In groups, you will “storyboard” and interactive application for whatever text we are reading when your group’s turn arrives. Note: we won’t actually be making a digital app (though I hope someday soon we will!), you will be storyboarding, or explaining, how the app would function—you might provide sketches, diagrams, written descriptions, etc. We will be reading a broad range of work this semester, so the focus for each group may vary; since each group will be approaching these projects at different times with different texts, your goal is to fit the project to what you’re reading rather than what other groups might have done previously.
Your group’s app must/might include:
- A minimum of 5 “functions.” The majority of these functions should be connected to a relevant, interpretive element of the text, meaning it should further reader/user understanding. When appropriate, include page numbers for reference. How you might represent these functions is up to you, but some possibilities include:
- sketches and diagrams
- written descriptions
- For the presentation of the app itself, I suggest using PowerPoint or Prezi. These do not need to be super flashy presentations, but work toward proving as complete a picture of your app as possible.

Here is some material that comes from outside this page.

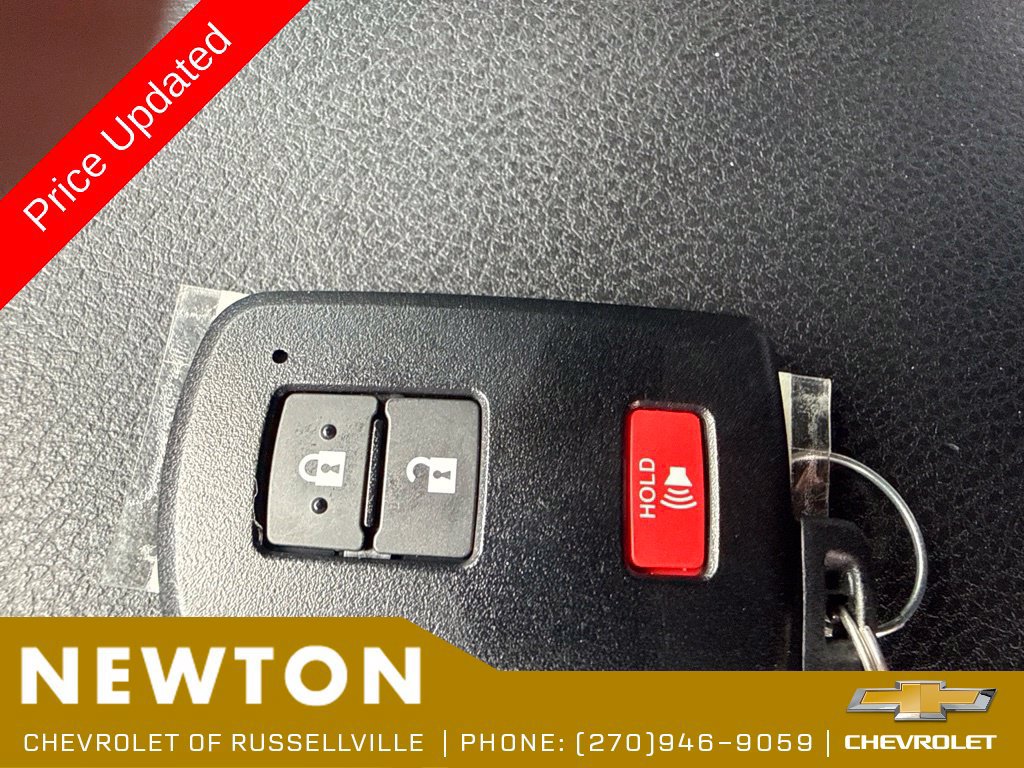 Used 2021 Toyota Tacoma TRD Sport AWD/4WD image 28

Groups will post their final projects to the assigned group space in the UWGB Commons for the Digital and Public Humanities.
Evaluation and Support
Apps will be evaluated on how well they meet the objectives outlined above, as well as clarity, creativity, organization, attention to detail, and design.
Tips & Things to Consider
- Images: Will you include them? Which ones? Will you find copies online? Most importantly, be aware of copyright, and only use images, for example, with a Creative Commons License.
- Audio: Do you have it? What audio?
- Navigation: How do you get around inside the app? Is there a Table of Contents? Does the structure of the app map the structure of the text or take a different approach?
- Themes of the text: How can an interactive experience highlight some of the different themes you have identified in the text?
- In a document created in The Commons, I would like your group to collaboratively reflect on the following issues:
- How did completing this assignment affect how you read the novel? How so?
- Is there a level of knowledge that was provided uniquely by this assignment, beyond the initial reading itself?
- What would I change about this assignment to make it more relevant, informative, enjoyable, challenging, or interesting?
- Do you see an app building project like this being helpful for literary study? Why and how?
This assignment was adopted from the work of Brian Croxall under a Creative Commons license
A note on images for all projects:
One thing about new media and writing for the web is that images are more often incorporated than in traditional print, and this raises issues of permissions. In order to remain on the right side of copyright law, here are some good things to keep in mind:
Most images at Wikipedia are already available for use
Be aware of what Creative Commons is. Almost every image I use at my own blog was acquired through a Creative Commons search and simply require me to credit the author. Here is the link for a Creative Commons search of sites like Flickr, Google, etc. Copy it and use it in this course: http://search.creativecommons.org/
When you use an image, add a caption that credits the source. Most often, a simple: “Image: Smith” will do.